_ASSIGNED TASK_.
Print the listing below verbatim, passing over each picture.

_DATASET CONTENT_.
[Start of Attachment]

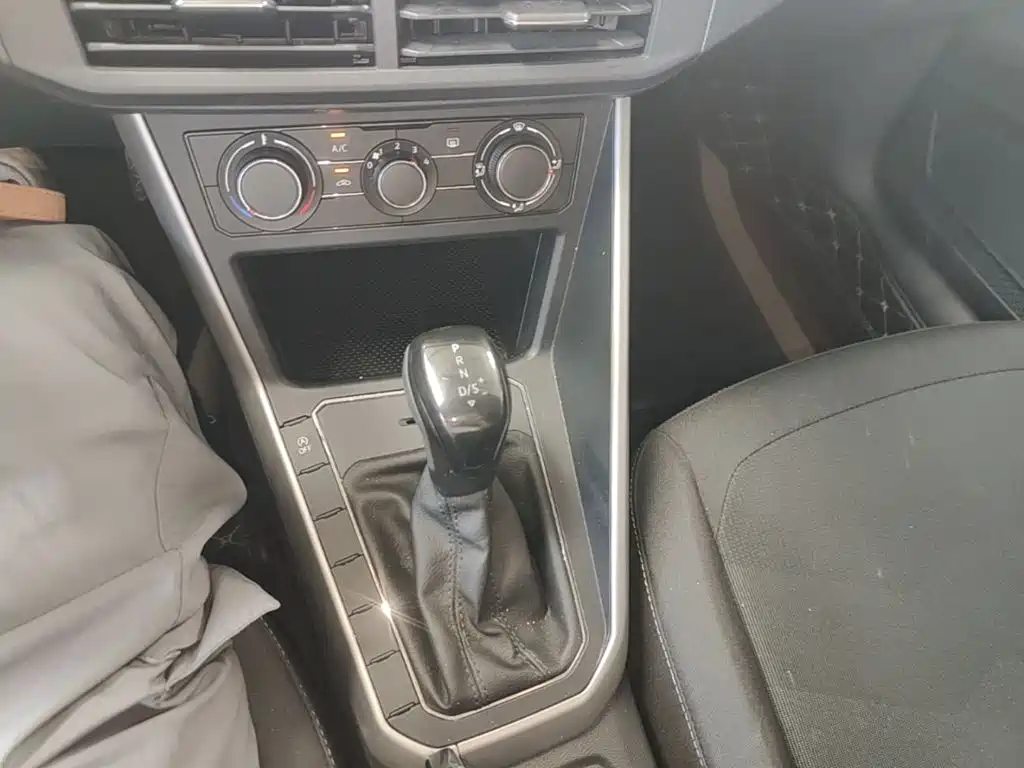Volkswagen Polo — миниатюра 14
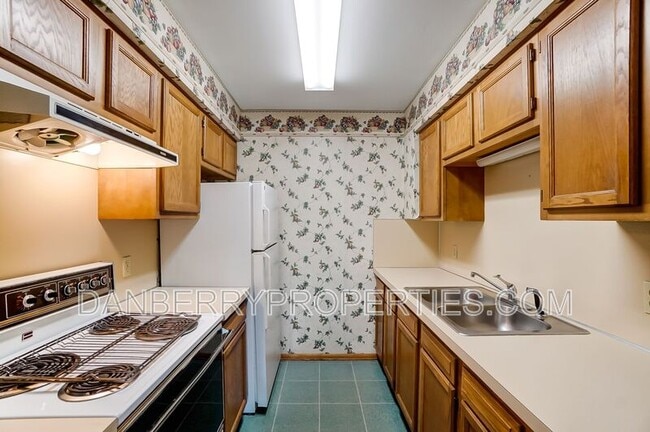 Building Photo - 3162 Kylemore Rd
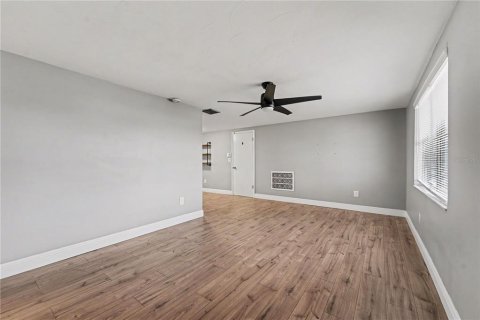 Villa ou maison à louer à Holiday, Floride: 2 chambres, 97.73 m2 № 2111042 - photo 6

[End of Attachment]

_EXERCISE RESULT_.
Volkswagen Polo — миниатюра 14
 Building Photo - 3162 Kylemore Rd
 Villa ou maison à louer à Holiday, Floride: 2 chambres, 97.73 m2 № 2111042 - photo 6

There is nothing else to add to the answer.